Speaking to CNBC’s Dan Murphy in Vienna, Austria on the sidelines of an OPEC conference, TotalEnergies CEO Patrick Pouyanne said Wednesday that the company had allocated nearly one-third of its capital expenditure to low-carbon technologies, with the remainder spent on oil and gas.

“We are in both pillars, and we will remain on both pillars [for a long time],” Pouyanne said.

“Today, our society requires oil and gas … Why we are together, it is 80% of fossil fuels. There is no way to think that overnight we can just eliminate all that and rely only on 10% of low-carbon energy. It will take decades to build a new system,” he added.

“So, we must do two things: To continue to produce the oil and gas, [while] of course being very strict on the emissions. The question is not fossil fuels, it is emissions, to lower the emissions.”

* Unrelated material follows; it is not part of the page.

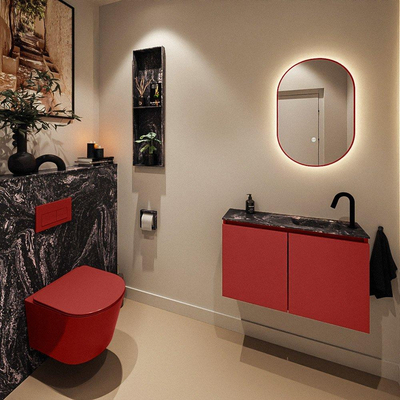 MONDIAZ TURE-DLUX Meuble toilette - 80cm - Fire - EDEN - vasque Lava - position droite - 1 trou de robinet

His comments come just over one month after French riot police fired tear gas at hundreds of climate activists trying to prevent the firm’s annual general meeting. Activist groups had pledged to try to stop the shareholder meeting from taking place to denounce the group’s fossil fuel expansion plans.

TotalEnergies CEO Patrick Pouyanne said the company had allocated nearly one-third of its capital expenditure to low-carbon technologies, with the remainder spent on oil and gas.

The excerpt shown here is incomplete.